老天哪,我不想失去这个最好的朋友——不得不承认了——我没有活人朋友,我的朋友全都是尸体,但其中对我最重要的,就是这个叫小倩的女孩的尸体。
于是,我通过微信告诉她——我可以说我爱你吗?
她回答,我也爱你。
第一次听到女孩这么对我说。我感觉自己是世界上最幸福的男人。
终于有一晚,她说冰柜断电了,超过十二个小时。她快要完蛋,黑色彻底覆盖额头,像没有边界的夜。不知从什么缝隙里,钻进了一些肮脏的昆虫,苍蝇正在她的嘴唇和鼻孔上产卵……
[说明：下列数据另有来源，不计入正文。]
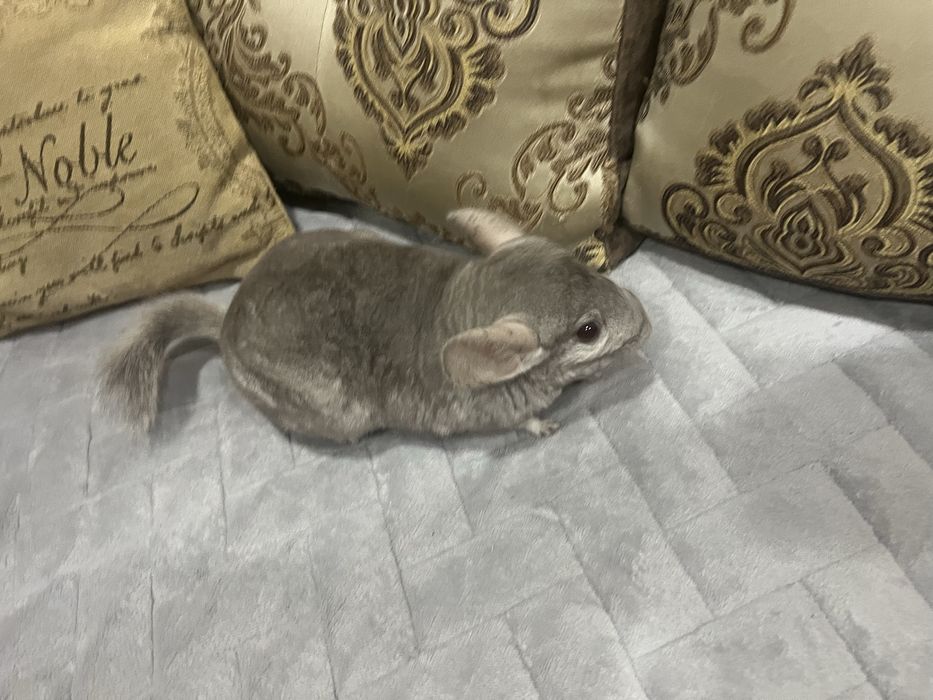 Шиншила домашняя.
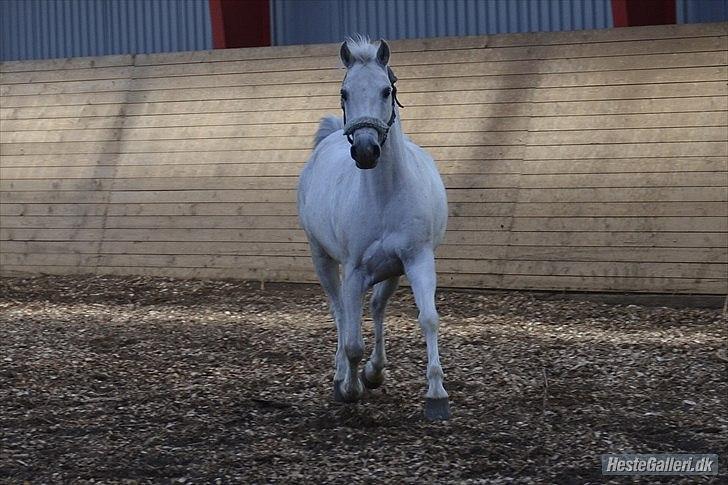 Anden særlig race Lukke<3 *pony<3* - Lille blærerøvs pony jeg har mig <3<3 billede 4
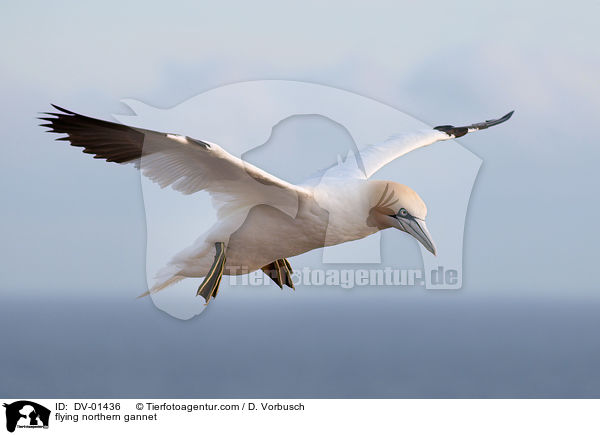 fliegender Basstlpel / flying northern gannet / DV-01436
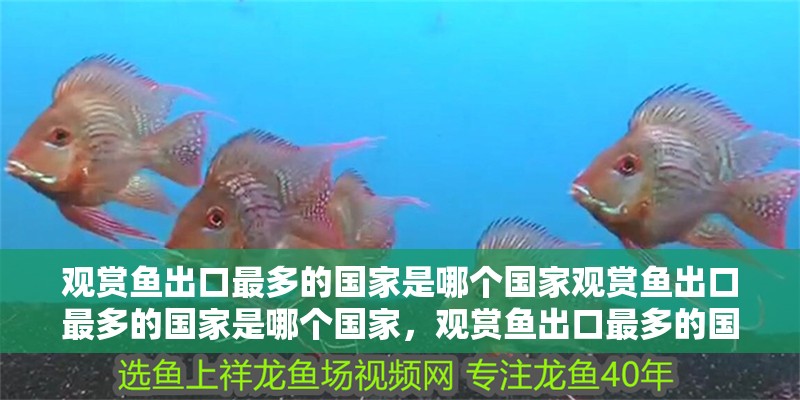 觀賞魚出口最多的國家是哪個國家觀賞魚出口最多的國家是哪個國家，觀賞魚出口最多的國家
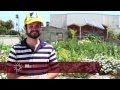 Urban Agriculture and Gardening Insights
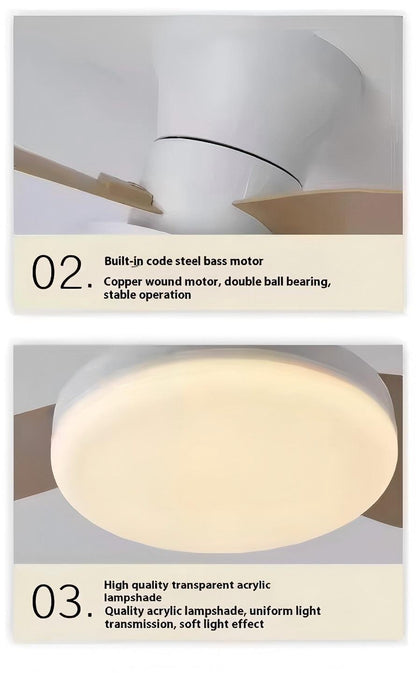 Hola LED Ventilador de Techo RXFL8001 -880mm, Luz LED Regulable 40w, 3000K-6000K,Blanco/Beige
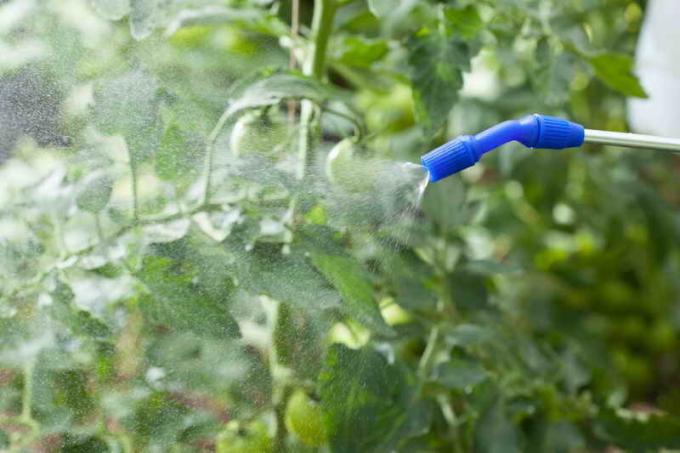 Sådan fodrer tomaterne på åben mark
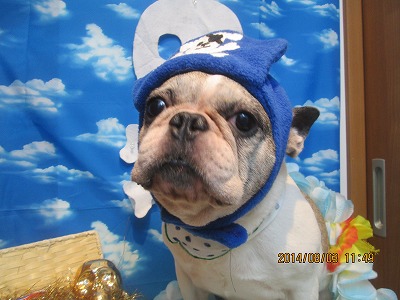 ファイル 7926-2.jpg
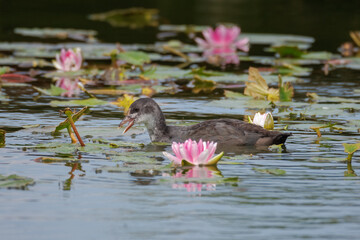 Eurasian Coot chick swims among pink Nymphaea flowers, positioned perpendicular to the camera lens on a cloudy summer day.	
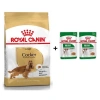 Royal Canin Cocker Yetişkin Köpek Maması 3 kg + 2 Adet Yaş Mama Hediye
突然间,她说出一个秘密:对不起,亲爱的,我欺骗了你。
冰柜没有断电吗?
不是啊,冰柜已经断电了,但我知道自己在哪里……
我看到她打出了一长串地址,原来是一家生鲜食品加工厂,就在她所在的城市。
她说,既然已经死了,对于世界也没有什么依恋,更不愿意被别人发现自己的尸体——如果离开冰柜的环境,肯定会很难看吧?爸爸妈妈看到她的尸体,无法想象他们痛苦的样子。
哎,我可不想看到我妈再为我哭了。
小倩接着说,她也不想在公安局做尸检。法医肯定会检查她有没有被强奸,那多么羞耻啊,好像又被强奸了第二遍。最后就是火化。我天生不怕冷不怕冰,却怕热怕火,虽然尸体不会感觉到疼痛,但是想想在烈焰中化为灰烬,实在是件令人恐惧的事啊!